It's a tough situation, and I understand why they're upset. But, "direct to consumer" will eventually be the brave new economy that will shape our IoT industry whether businesses like it or not. So, heed that, or step aside. Let’s break down how the new model works:
1. Why Go Consumer Direct?
It's more profitable. First off, you cut out middlemen. Costly distributors and retailers are made irrelevant and unnecessary when manufacturers control the supply chain from product conceptualization and R&D, to manufacturing, to ecommerce sites and into the hands of our consumers.
Retailers regularly require wholesale discount prices of 70 percent or more, from the final consumer price on products, and those costs are passed on to the consumer. Why would we decrease our margins, hurt our bottom line and be forced to overcharge our consumers by relying on distributors and retailers when it's considerably more profitable to handle logistics in-house?
Builds better relationships. Consumer-direct business gives us an opportunity to establish a relationship with every person who purchases our products. We become more than a faceless corporate entity with shelf space in major retail stores; and that can lead to longer relationships and brand loyalty from people who enjoy our products and what we offer. This relationship isn't possible through a traditional product distribution and retail track.
Facilitates more brand loyalty. Brand loyalty is a priceless commodity when you're taking the crucial business step of building a successful brand. Offering products direct to consumers is a great way to achieve that. When you obtain trust and brand loyalty from a consumer, you're essentially investing in your own company stock.
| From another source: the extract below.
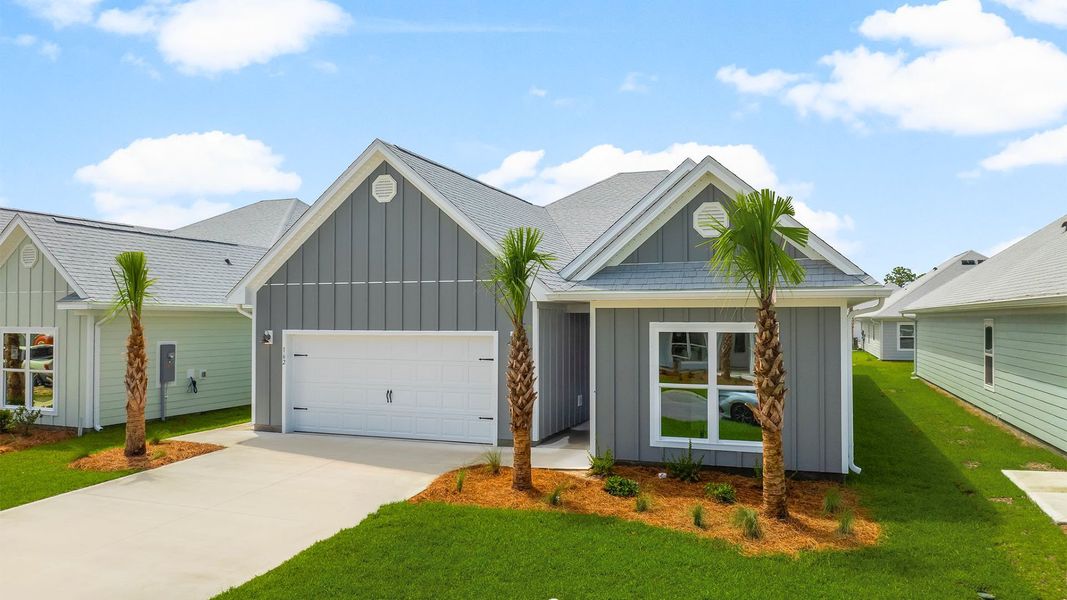 Front exterior of a new home in WindMark Beach, Port Saint Joe, FL, highlighting curb appeal (Image 21). Front exterior of a new home in WindMark Beach, Port Saint Joe, FL, highlighting curb appeal (Image 21).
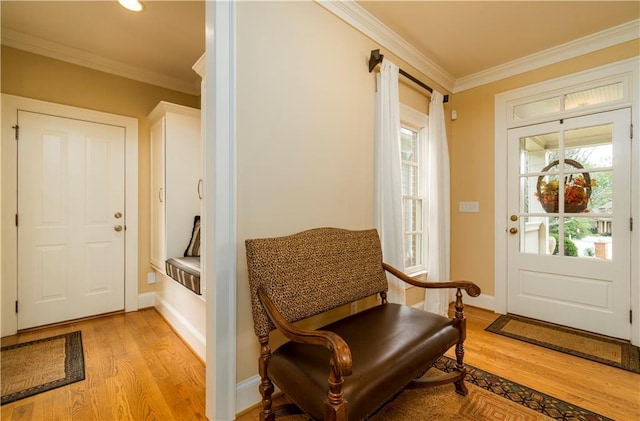 interior space featuring crown molding and light hardwood / wood-style flooring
That consumer loyalty in turn can pay dividends outside of just the monetary benefits: An individual consumer will know you as a trusted source, will refer your company and products to friends and family and consider your company to be an established, legitimate and dependable brand. That translates to staying power, a vital quality to have in a changing marketplace.
2. How can old-school retailers and distributors step up their game?
Connect with end users. Try to understand your consumers in depth, beyond the numbers and statistics. This may require UX personnel, data analytics, surveys, questionnaires and considerable input from consumers, but it's worth it -- I promise.
According to a recent study by IBM, 80 percent of consumers surveyed said they felt that the average company didn't "understand them," or know them as individuals. So, tap into that disconnect and you’ll really have something!
A great example comes from LEGO, which executed a crowd-sourcing campaign called LEGO Ideas, where fans design and build a model of their own choosing and then share it on LEGO's website, along with photos and a description. Users can then vote on their favorite homemade designs, and the best-reviewed prototypes are gathered by LEGO's review board. Designs that satisfy the review board's requirements are put into production and subsequently sold around the world, with the original designer receiving full credit and a share of the royalties.
In this way, LEGO's consumers are directly deciding on future products based on what they like and don't like. Everybody wins: LEGO gets free designs; consumers get to participate, vote and feel that their opinions are considered; the original designer gets compensated; and LEGO gets to bask in friendly PR.
Form mutually beneficial partnerships with suppliers. The global product value chain has changed, and the supply chain must change with it. Building an alliance with suppliers requires more than agreeing to a long-term contract with stipulations that satisfy both sides. To be successful, a true alliance depends on (excuse the corporate speak) a synergistic business model.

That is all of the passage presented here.